- By Region
Tod’s, the luxury accessories group, attributed double-digit profit growth for the first half of 2012 to robust sales in Asia and the US, despite volatile global markets impacting its earnings closer to home.
Net profit rose 14 per cent to €74.4m, whilst consolidated sales for the group stood at €482.5m, up 9 per cent on a like-for-like basis.
The Tod’s portfolio, which also includes shoe labels Hogan, Fay and Roger Vivier, saw sales grow by 30 per cent in North America, and by 55 per cent in Asia and the rest of the world, excluding Europe.
While not offering a breakdown of quarterly results on Wednesday, the company said it had achieved a “significant acceleration” in the second quarter, driven by the Tod’s brand and “outstanding results achieved” by the group’s directly operated stores network, which accounts for 56.7 per cent of revenues.

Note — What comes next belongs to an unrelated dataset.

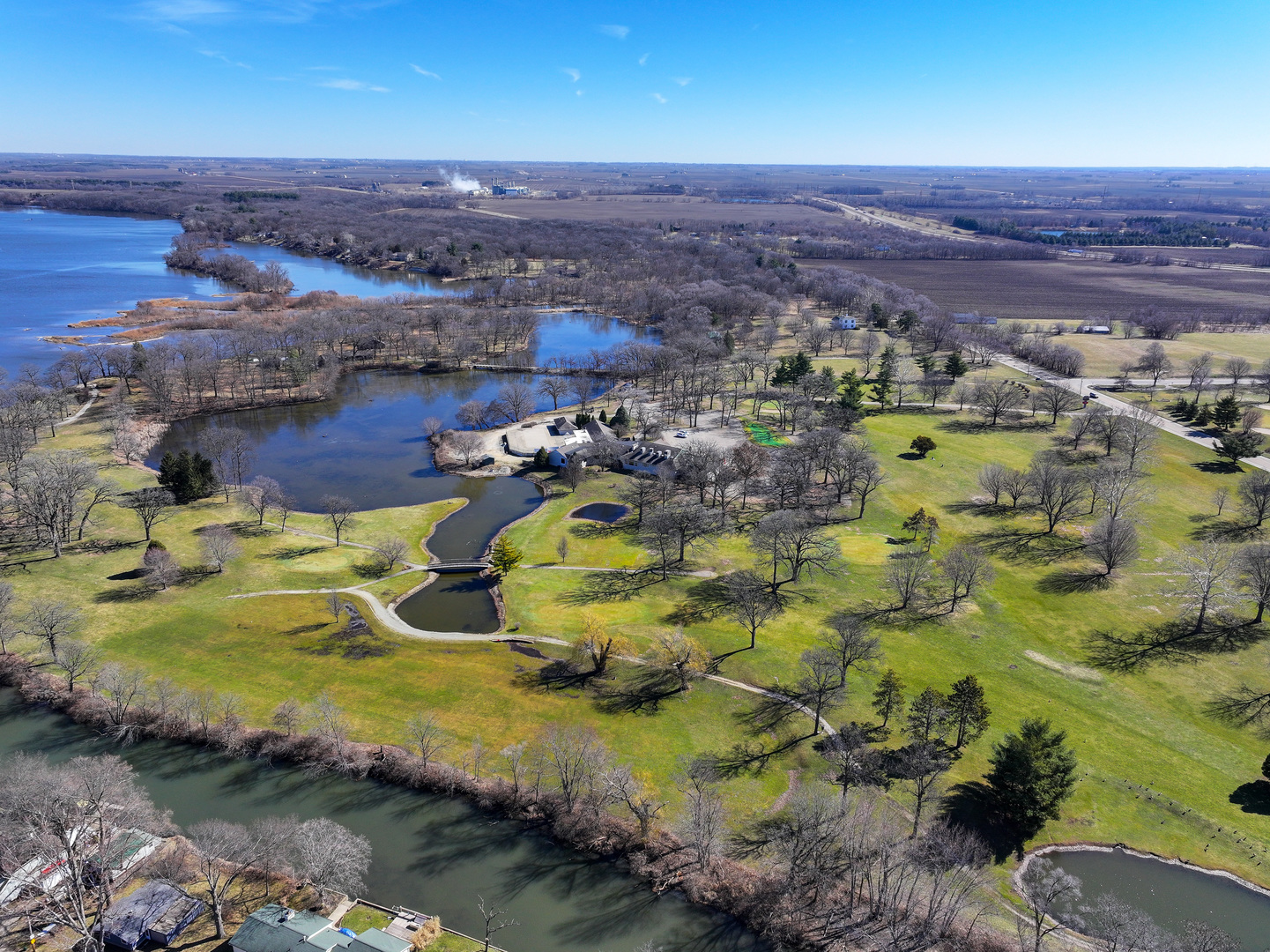 main property photo 66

In Italy, overall sales dropped by 12 per cent to €199m as the country’s sovereign debt crisis continues to batter its economy and consumer confidence. The group’s domestic market is also its largest, representing some 42 per cent of sales, leading some analysts to question whether Tod’s robust growth could maintain momentum into the next quarter. The group remained upbeat, citing a tax decrease of 300 basis points from its 2011 rate owing to increased foreign sales as a positive indicator of ongoing profitability.
“I am very confident that the second-half of the year will also achieve good results,” said Diego Della Valle, chief executive.